=== Begin Enclosure ===

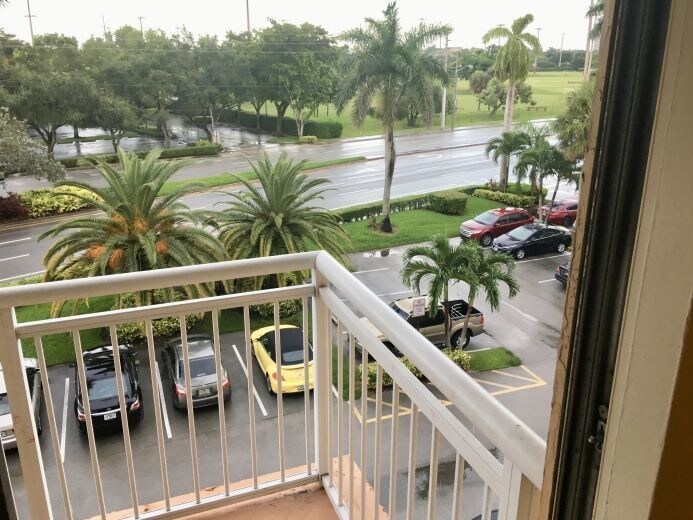 Foto principal - 405 S Pine Island Rd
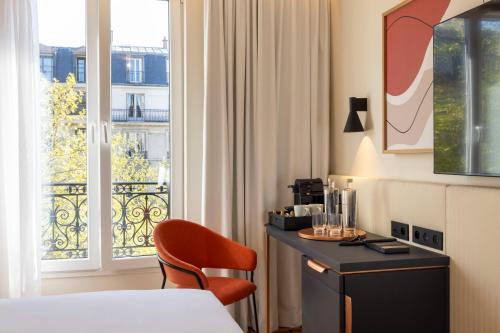 巴黎Alberte Hôtel的酒店的客房 - 带一张床、椅子和窗户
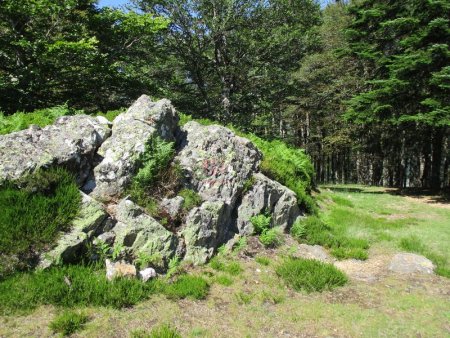 Le rocher de Goroztibizkarra, virage de piste et début de descente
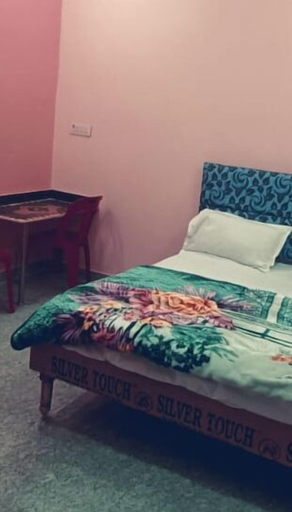 Bedroom 3, Shri Laddu Gopal Guest House, Mathura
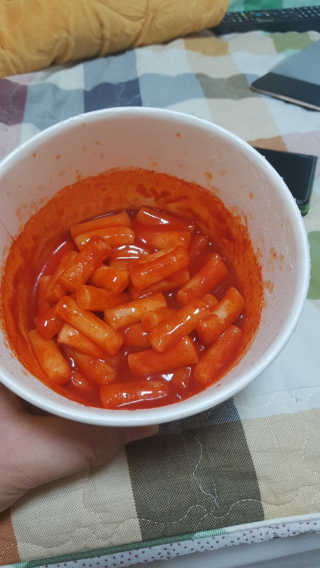 청담동말자싸롱 말자네떡볶이4EA말자네빠삭빠삭감튀5EA — 4.33점을 준 리뷰어가 2019년 1월 올린 사용 사진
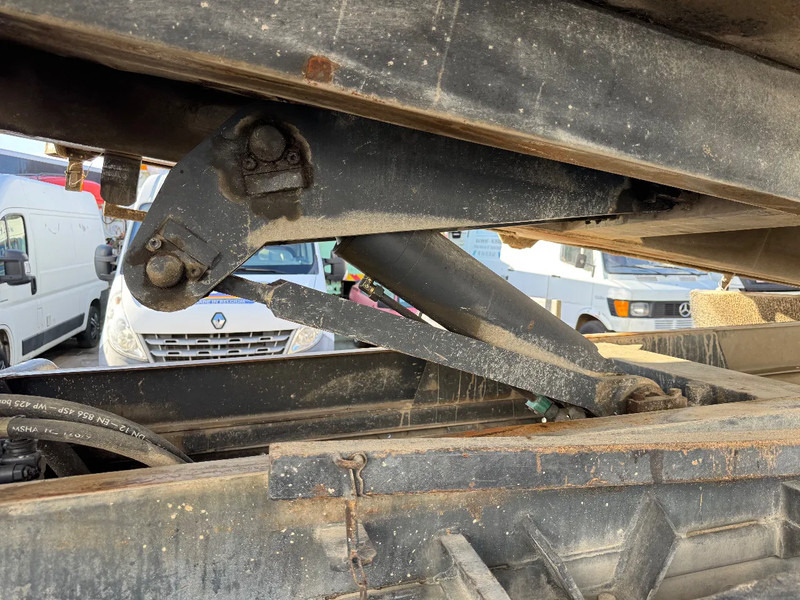 Camion benne, Camion grue Renault Midlum 270 **TIPPER+FASSI CRANE-FRENCH TRUCK**: photos 16 Camion benne, Camion grue Renault Midlum 270 **TIPPER+FASSI CRANE-FRENCH TRUCK**: photos 16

=== End Enclosure ===

**Directions for this task**
The lines from the one containing "청담동말자싸롱 말자네떡볶이4EA말자네빠삭빠삭감튀5EA —" up to and including the last line of the material above are to be given again exactly; any pictures are dropped.

**Task solution**
 청담동말자싸롱 말자네떡볶이4EA말자네빠삭빠삭감튀5EA — 4.33점을 준 리뷰어가 2019년 1월 올린 사용 사진
 Camion benne, Camion grue Renault Midlum 270 **TIPPER+FASSI CRANE-FRENCH TRUCK**: photos 16 Camion benne, Camion grue Renault Midlum 270 **TIPPER+FASSI CRANE-FRENCH TRUCK**: photos 16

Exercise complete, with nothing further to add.